Any help with any of these would be very much appreciated, even if it's just a link to some useful material, etc. Thanks in advance!

- Let $\displaystyle (S,\Sigma,\mu)$ be a $\displaystyle \sigma$-finite measure space. Suppose that $\displaystyle g \colon S \to [0,\infty]$ is a $\displaystyle \Sigma$-measurable function such that $\displaystyle \int f \cdot g \; d \mu \leq \int f \; d \mu$ for every integrable function $\displaystyle f \colon S \to [0,\infty)$. Prove that $\displaystyle g \leq 1$ $\displaystyle \mu$-almost everywhere on $\displaystyle S$.
- Let $\displaystyle (S,\Sigma,\mu)$ be a $\displaystyle \sigma$-finite measure space. Let $\displaystyle f \colon S \to (0,\infty)$ be a $\displaystyle \Sigma$-measurable function with $\displaystyle \int f \; d \mu = 1$ and let $\displaystyle 0 < r < 1$. Prove that for every $\displaystyle E \in \Sigma$ with $\displaystyle 0 < \mu(E) < \infty$, $\displaystyle \int f^r d \mu \leq \int \mu(E)^{1-r}$.
- Let $\displaystyle (S,\Sigma,\mu)$ be a $\displaystyle \sigma$-finite measure space.

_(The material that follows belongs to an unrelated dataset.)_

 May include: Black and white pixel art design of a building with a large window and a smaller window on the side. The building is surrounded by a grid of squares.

Let $\displaystyle g \colon S \to \mathbb{R}$ be integrable. Prove that there exists a bounded $\displaystyle \Sigma$-measurable function $\displaystyle f \colon S \to \mathbb{R}$ such that $\displaystyle \lVert f \rVert_\infty = 1$ and $\displaystyle \int f \cdot g \; d \mu = \lVert g \rVert_1$.

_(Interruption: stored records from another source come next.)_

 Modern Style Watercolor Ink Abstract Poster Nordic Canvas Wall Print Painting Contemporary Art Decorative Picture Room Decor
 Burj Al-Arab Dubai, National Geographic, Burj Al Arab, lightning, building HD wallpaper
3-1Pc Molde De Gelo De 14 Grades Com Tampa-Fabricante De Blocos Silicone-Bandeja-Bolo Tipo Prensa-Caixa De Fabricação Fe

- If $\displaystyle f \in L^{\infty}$, prove that $\displaystyle |f| \leq \lVert f \rVert_\infty$ $\displaystyle \mu$-almost everywhere. Moreover, prove that if $\displaystyle \alpha < \lVert f \rVert_\infty$, then there exists an $\displaystyle E \in \Sigma$ with $\displaystyle \mu(E) > 0$ and $\displaystyle |f(s)| \geq \alpha$ for all $\displaystyle s \in E$.
- Prove that $\displaystyle (L^\infty (S,\Sigma,\mu), \lVert \cdot \rVert_\infty)$ is a normed linear space.